In late 2015, The
Hollywood Reporter hosted a gathering of Hollywood insiders, all thirty-three
of them former students and acolytes of Wesleyan cinema prof Jeanine Basinger.
Such power figures as TV honcho Joss Whedon, action director Michael Bay,
Oscar-winning screenwriter Akiva Goldsman, and
filmmaker Paul Weitz showed up promptly at the early-morning photo
shoot, knowing full well that Professor Basinger would never tolerate late
arrivals.
Basinger’s students benefit from her encyclopedic knowledge
of film history. Actor Bradley Whitford has said, "Every time I'm in a
meeting and it comes out that I went to Wesleyan, they ask the same
question—how is it possible that so many successful people in Hollywood come
out of such a tiny liberal arts school in Connecticut? The answer is
Jeanine." And film critic A.O. Scott of the New York Times admits that "I took a job teaching at Wesleyan
as an excuse to hang out and talk about movies with Jeanine. There's nothing
she doesn't know."
Despite her busy teaching schedule, Basinger has found time
to write nearly a dozen books, ranging from movie star biographies (Shirley Temple; Gene Kelly) to 1993’s A Woman's View: How Hollywood Spoke to
Women 1930-1960. I just finished reading her most recent work: I Do and I Don't: A History of Marriage in the Movies (2013). Herself married for
half a century, Basinger is understandably interested in how Hollywood movies
portray an institution that some now feel is a thing of the past.
Basinger’s detailed account, which begins back in the silent
era, makes the case that the film industry has traditionally been far less
interested in the workings of a marriage than in getting its characters to the
altar. At a time when sex outside of marriage was considered taboo, it was
exciting to see how the leading characters overcame obstacles, prejudices, and
misunderstandings in order to seal their relationship with a ring and a kiss.
In Basinger’s own words, “Not being allowed to have sex created the essential
frisson of the romantic comedy; the leading man and woman dying to make love,
but unable to do so.” Today, with most
of us far more relaxed about sexuality, she’s convinced that what’s now called
the “romcom” is struggling to find a modern equivalent for what kept the lovers
apart in days of old.
As for movies that are about the marriage rather than the
courtship, Basinger comes up with a number of nifty examples. I was
particularly taken with her section on World War II, a time when husbands went
off to war and lonely wives abounded. Male stars too enlisted in significant
numbers, which meant that Hollywood’s ranks were full of talented women, both
established celebrities and talented newcomers. It made total sense for
Hollywood during the war years to cater to wives (many of them serving in the
workforce) who longed for wholesome and uplifting entertainment. Movies like
1944’s Since You Went Away, starring an
appealing Claudette Colbert along with the young Jennifer Jones and teenaged
Shirley Temple, focused on the sacrifices made by women on the homefront,
reminding them that they too were an integral part of the war effort.

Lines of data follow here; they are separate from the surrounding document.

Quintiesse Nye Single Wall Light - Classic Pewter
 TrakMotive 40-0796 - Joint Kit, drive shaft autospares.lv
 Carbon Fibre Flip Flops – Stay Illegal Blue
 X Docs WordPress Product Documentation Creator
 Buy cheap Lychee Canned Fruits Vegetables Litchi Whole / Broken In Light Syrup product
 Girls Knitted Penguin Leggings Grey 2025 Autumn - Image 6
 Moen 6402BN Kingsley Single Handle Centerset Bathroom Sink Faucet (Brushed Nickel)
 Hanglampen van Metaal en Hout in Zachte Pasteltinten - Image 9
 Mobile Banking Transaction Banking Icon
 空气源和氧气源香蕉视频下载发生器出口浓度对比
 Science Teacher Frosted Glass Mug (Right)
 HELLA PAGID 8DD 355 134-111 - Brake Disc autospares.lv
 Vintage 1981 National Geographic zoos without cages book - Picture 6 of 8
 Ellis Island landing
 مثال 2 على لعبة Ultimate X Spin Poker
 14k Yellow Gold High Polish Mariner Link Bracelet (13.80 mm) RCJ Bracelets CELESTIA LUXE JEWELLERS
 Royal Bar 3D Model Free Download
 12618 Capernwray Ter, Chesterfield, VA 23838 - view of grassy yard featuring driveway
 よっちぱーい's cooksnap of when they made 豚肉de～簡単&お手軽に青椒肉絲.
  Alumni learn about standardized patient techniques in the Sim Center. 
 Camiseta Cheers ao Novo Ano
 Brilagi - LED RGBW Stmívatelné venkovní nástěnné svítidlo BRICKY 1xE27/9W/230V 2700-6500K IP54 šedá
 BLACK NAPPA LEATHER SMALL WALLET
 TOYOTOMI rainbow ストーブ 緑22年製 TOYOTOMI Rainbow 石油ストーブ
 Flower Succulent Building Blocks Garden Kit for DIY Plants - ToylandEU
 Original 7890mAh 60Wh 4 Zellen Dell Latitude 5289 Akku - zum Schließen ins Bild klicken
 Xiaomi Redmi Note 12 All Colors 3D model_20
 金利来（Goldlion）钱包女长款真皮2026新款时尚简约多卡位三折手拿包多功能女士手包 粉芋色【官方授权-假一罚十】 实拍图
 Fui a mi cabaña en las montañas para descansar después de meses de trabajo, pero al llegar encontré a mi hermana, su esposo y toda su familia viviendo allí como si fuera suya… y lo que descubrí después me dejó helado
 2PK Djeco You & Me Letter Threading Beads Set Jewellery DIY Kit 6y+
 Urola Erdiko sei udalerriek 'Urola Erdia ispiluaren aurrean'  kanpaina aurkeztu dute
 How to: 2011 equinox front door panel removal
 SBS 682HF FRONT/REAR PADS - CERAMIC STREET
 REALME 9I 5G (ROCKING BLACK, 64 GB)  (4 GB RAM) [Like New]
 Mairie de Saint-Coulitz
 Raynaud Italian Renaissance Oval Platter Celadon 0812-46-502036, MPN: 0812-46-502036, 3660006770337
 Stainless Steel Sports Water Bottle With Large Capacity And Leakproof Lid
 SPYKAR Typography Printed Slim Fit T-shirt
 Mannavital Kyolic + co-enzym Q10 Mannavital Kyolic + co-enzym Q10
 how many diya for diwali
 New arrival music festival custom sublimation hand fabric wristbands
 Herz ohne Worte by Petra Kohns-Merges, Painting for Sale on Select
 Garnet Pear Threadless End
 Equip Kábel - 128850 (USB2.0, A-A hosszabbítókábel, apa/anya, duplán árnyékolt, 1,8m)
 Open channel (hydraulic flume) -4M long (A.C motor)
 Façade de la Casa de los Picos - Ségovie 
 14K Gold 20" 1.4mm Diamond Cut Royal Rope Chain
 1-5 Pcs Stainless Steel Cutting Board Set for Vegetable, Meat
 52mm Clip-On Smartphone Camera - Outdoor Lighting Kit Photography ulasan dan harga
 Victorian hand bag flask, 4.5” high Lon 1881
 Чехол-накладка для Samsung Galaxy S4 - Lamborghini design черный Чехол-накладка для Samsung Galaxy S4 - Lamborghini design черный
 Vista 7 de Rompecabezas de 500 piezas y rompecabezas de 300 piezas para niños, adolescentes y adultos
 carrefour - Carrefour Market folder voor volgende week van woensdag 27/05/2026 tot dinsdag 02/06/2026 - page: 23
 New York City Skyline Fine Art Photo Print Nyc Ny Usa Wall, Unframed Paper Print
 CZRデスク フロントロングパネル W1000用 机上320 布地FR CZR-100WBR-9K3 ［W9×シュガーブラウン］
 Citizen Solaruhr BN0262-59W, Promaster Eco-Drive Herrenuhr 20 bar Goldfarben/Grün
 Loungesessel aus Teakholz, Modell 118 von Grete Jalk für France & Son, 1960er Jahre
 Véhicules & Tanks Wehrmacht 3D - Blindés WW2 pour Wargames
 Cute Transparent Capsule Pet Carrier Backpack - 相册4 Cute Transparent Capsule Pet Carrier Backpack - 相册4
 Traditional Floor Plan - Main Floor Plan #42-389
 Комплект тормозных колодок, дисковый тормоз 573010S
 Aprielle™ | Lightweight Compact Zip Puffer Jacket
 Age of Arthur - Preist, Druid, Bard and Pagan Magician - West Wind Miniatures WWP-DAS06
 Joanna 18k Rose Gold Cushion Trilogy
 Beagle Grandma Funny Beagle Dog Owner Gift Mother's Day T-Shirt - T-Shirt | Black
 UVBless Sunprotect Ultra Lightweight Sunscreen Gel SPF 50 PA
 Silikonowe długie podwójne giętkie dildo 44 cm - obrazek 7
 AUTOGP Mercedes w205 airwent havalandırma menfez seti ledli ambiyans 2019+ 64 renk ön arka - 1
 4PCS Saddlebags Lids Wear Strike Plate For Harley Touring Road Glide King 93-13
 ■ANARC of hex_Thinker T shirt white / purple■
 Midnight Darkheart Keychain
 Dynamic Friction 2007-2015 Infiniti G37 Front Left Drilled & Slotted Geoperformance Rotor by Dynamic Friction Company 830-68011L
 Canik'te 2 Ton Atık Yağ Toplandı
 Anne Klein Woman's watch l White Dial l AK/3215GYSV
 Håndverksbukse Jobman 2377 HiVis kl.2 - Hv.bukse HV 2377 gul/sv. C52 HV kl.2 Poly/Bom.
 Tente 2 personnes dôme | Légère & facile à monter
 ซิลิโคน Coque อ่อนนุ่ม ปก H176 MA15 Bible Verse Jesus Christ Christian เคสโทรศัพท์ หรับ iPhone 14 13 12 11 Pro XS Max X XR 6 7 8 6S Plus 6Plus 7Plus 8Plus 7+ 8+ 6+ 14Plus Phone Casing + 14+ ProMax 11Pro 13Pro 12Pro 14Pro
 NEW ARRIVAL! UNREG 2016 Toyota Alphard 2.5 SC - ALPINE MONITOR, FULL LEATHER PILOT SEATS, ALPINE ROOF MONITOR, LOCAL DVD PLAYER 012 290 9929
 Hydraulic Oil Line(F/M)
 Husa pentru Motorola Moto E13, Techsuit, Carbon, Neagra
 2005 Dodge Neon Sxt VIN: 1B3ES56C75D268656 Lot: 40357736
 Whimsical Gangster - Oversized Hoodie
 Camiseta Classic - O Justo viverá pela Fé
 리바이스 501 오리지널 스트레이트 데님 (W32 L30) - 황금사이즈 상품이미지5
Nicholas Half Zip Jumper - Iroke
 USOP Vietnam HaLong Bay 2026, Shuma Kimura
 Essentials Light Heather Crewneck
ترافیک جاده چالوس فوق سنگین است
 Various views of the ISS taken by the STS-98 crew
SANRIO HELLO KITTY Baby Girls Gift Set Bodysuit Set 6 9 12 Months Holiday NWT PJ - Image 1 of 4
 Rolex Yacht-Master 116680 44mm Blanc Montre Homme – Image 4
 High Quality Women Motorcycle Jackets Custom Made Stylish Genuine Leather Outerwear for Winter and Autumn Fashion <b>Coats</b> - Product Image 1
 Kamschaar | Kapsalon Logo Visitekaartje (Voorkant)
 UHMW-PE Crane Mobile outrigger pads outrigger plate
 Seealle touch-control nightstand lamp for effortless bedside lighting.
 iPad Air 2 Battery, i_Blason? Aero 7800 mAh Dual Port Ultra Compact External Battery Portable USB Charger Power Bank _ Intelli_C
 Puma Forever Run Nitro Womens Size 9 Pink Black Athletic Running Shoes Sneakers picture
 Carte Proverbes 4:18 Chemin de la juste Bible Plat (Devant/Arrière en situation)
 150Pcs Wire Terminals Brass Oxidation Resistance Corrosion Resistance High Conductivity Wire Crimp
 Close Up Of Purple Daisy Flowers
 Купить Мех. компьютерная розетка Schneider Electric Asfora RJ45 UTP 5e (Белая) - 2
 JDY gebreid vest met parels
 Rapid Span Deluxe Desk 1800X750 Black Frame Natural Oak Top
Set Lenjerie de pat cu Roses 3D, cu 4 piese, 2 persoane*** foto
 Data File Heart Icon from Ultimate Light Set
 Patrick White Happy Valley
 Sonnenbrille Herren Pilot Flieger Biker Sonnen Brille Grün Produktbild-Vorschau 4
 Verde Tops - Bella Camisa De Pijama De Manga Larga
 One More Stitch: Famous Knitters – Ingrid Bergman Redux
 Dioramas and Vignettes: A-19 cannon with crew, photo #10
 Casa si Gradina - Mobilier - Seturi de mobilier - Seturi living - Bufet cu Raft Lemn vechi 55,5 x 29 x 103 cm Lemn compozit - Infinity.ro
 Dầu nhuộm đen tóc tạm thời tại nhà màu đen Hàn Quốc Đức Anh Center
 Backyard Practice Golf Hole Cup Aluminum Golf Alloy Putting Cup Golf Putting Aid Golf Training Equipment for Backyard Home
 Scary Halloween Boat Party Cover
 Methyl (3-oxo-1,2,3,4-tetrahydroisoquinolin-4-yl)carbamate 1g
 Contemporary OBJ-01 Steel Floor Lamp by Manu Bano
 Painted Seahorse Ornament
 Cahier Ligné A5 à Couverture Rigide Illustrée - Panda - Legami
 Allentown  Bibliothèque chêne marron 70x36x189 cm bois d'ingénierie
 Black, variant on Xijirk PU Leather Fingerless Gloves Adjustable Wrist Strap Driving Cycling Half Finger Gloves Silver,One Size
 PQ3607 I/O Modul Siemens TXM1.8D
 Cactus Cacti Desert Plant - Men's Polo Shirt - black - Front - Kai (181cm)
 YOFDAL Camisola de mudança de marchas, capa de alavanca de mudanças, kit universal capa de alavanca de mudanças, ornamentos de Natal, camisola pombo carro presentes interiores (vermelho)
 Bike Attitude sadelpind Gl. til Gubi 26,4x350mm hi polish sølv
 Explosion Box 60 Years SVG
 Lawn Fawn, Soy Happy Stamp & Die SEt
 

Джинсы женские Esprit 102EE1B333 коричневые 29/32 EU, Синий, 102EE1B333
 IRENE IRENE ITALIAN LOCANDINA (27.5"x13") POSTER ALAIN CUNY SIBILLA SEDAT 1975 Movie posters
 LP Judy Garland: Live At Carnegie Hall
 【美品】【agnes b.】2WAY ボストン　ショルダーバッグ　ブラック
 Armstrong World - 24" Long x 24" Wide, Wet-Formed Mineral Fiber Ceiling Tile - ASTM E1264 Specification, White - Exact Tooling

In the post-war 1950s, marriage became the domain of
television. Think I Love Lucy, Father Knows Best, and all those early sitcoms
that moved between the living room and the kitchen. On the big screen, though,
superheroes have long crowded out husbands and wives. And films showing
marriage now generally play up its grimmer aspects. The lethal War of the Roses (1989) is an extreme
example of what Basinger wryly calls today’s “nuclear marriage”films.